A Voice from the Eastern Door
By Ken Smith and Dan O’Farrell, Indian Time Interns
Mona Via was on hand at the St. Regis Mohawk Senior’s Center Wednesday, offering instructions in the card game of cribbage.
Via had set up at her own folding card table, the usual sort of table found in every home, for the kitchen euchre game.
“When I first started here, all we had for card games were the big, round tables,” said Via. “They are too wide to reach across, so we needed the real thing.”
It was a surprise to find out that cribbage can be played more than one way.
“There are six kinds of crib,” she explained. “We play Singles, Doubles, Threes, Fast Regular and Lose games of cribbage.”
Lose cribbage is a reverse game, with the objective of avoiding all points.
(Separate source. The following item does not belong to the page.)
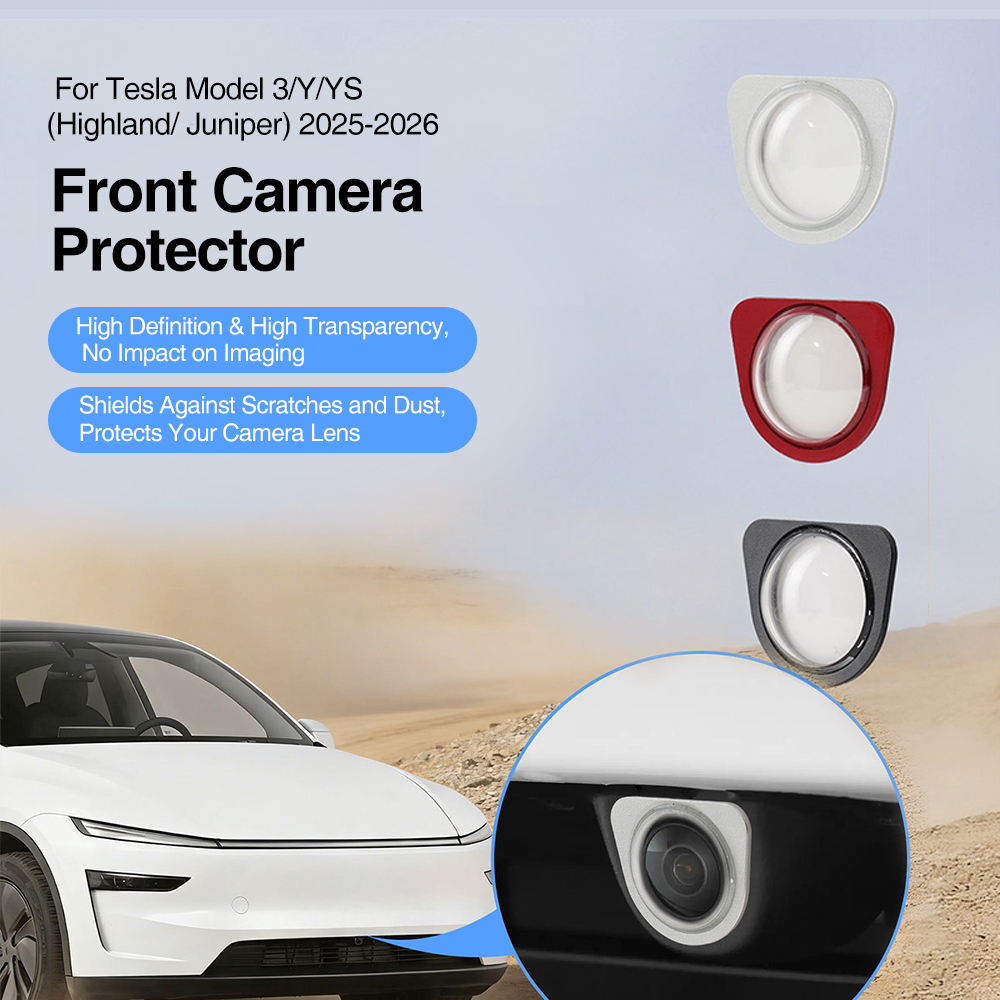 Car Front Camera Protector Shi - Glass Protector Auto recensie en prijs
The player who goes out first is the loser. The winner, therefore, actually loses.
Via also finds it hard to turn down a good game of dominoes. On a recent powwow trip to Ohio, she unexpectedly landed into a rotating game of dominoes that lasted a week. She had to remind herself that the purpose of the trip was to market her porcelain dolls.
At another table in the main room at the senior’s center Wednesday Pat Waterman was sitting with a group of ladies. She prefers the game Ace to the King.
“The game can take a couple of hours, so it’s slow and relaxed,” said Waterman.
Bertha Herne, Margaret Hamlen, Dorothy Jacobs and Ruth Cook were in agreement.
Normally, Via has a group of 12 to 16 players for her cribbage sessions, but this day she was sitting solo.
“It’s a bit unusual not to have any of the regular group here,” she laughed. “Most of the time we have more kibitzers than players, because there are only so many boards to play on.”
Clark Lauzon, coming out of the exercise room, commented, ”I’m not much for cards. I’m looking forward to the liver for lunch.”
Via, on the other hand, was on her way out to Wild Bill’s, across the road.
“Enough crib for one day,” she said. “Maybe they’ll be here tomorrow.”